Sila (Moralidad) en el Noble Sendero Óctuple


Por N S Goenka

Al camino del Dhamma se le llama el Noble Sendero Óctuple, noble en el sentido que quien lo sigue, está abocado a ser una persona noble de corazón, una persona santa.

El sendero se divide en tres secciones: sila, samadhi y pañña. Sila es moralidad, abstención de todo acto malsano, ya sea físico o verbal. Samadhi es la acción sana de desarrollar maestría sobre la propia mente. La práctica de ambas es útil, pero ni sila ni samadhi pueden erradicar las impurezas acumuladas en la mente. Para ello es preciso practicar la tercera parte del sendero: pañña, el desarrollo de la sabiduría, la visión cabal, que purifica totalmente la mente.

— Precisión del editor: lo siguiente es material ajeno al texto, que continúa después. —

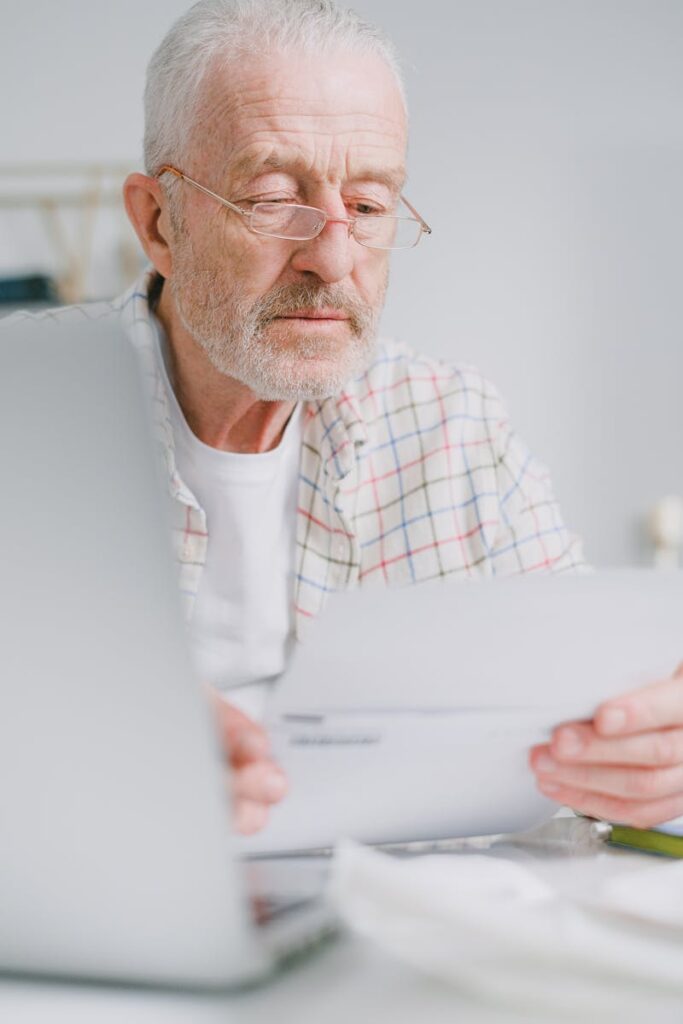 Elderly man with glasses reviews paperwork while sitting indoors with a laptop.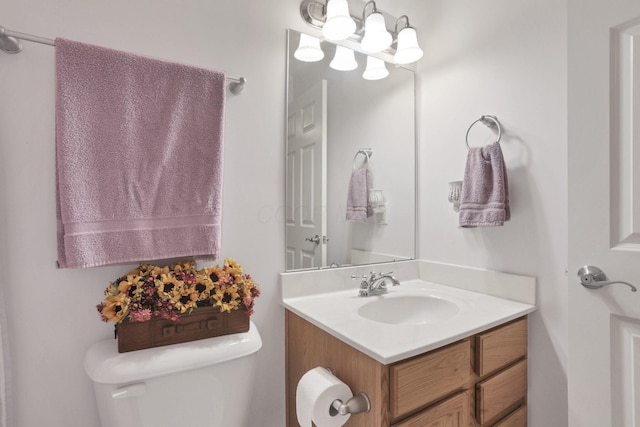 bathroom with toilet and vanity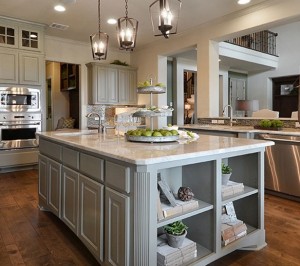 Burrows Cabinets kitchen island in Ecru with bookshelves and integrated corners
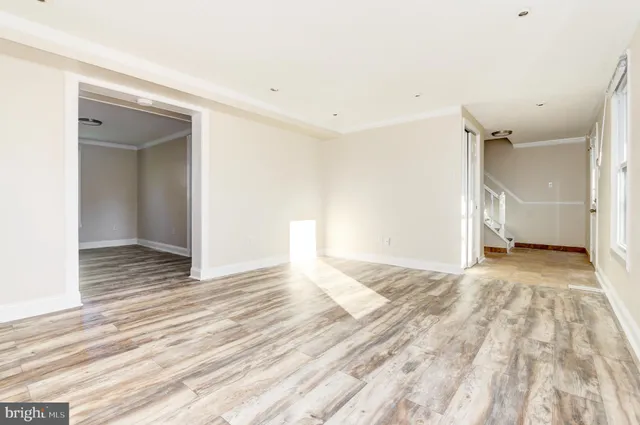 a view of a livingroom with wooden floor and staircase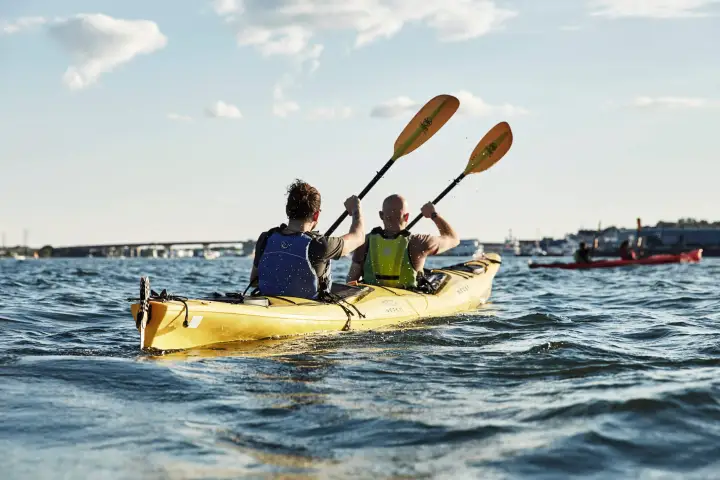 Two guys paddling a tandem kayak in Portland, Maine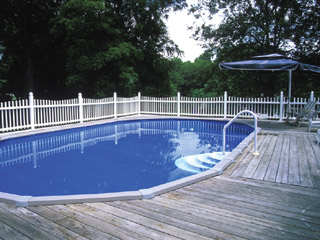 oval pool with composite wood side deck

Dentro de la división de sila hay tres partes del Noble Sendero:

(1) Samma-vaca: Palabra recta, pureza de la acción verbal. Para comprender qué es pureza del habla, uno debe saber qué es impureza del habla. Decir mentiras para engañar a otros, emplear palabras duras que dañan a otros, difamar y calumniar, cotorrear y hablar por hablar son todas impurezas de la acción verbal. Lo que queda al abstenernos de todas ellas es la palabra recta.
(2) Samma-kammanta: Acción recta, pureza de la acción física. En el sendero del Dhamma sólo hay un criterio para medir la pureza o impureza de una acción, ya sea física, verbal o mental, y es saber si esa acción ayuda o daña a otros. Matar, robar, violar, cometer adulterio e intoxicarse para así no saber lo que uno está haciendo, todas ellas son acciones que dañan a otros y también a uno mismo. Cuando uno se abstiene de cometerlas, lo que queda es la acción recta.
(3) Samma-ajiva: Sustento recto. Todos deben tener un medio para mantenerse y mantener a aquellos que dependen de él, pero si este medio de vida daña a otros no es sustento recto. Puede que uno no cometa malas acciones para subsistir, pero sí está animando a otros a hacerlo; si es así, entonces uno no está practicando el sustento recto.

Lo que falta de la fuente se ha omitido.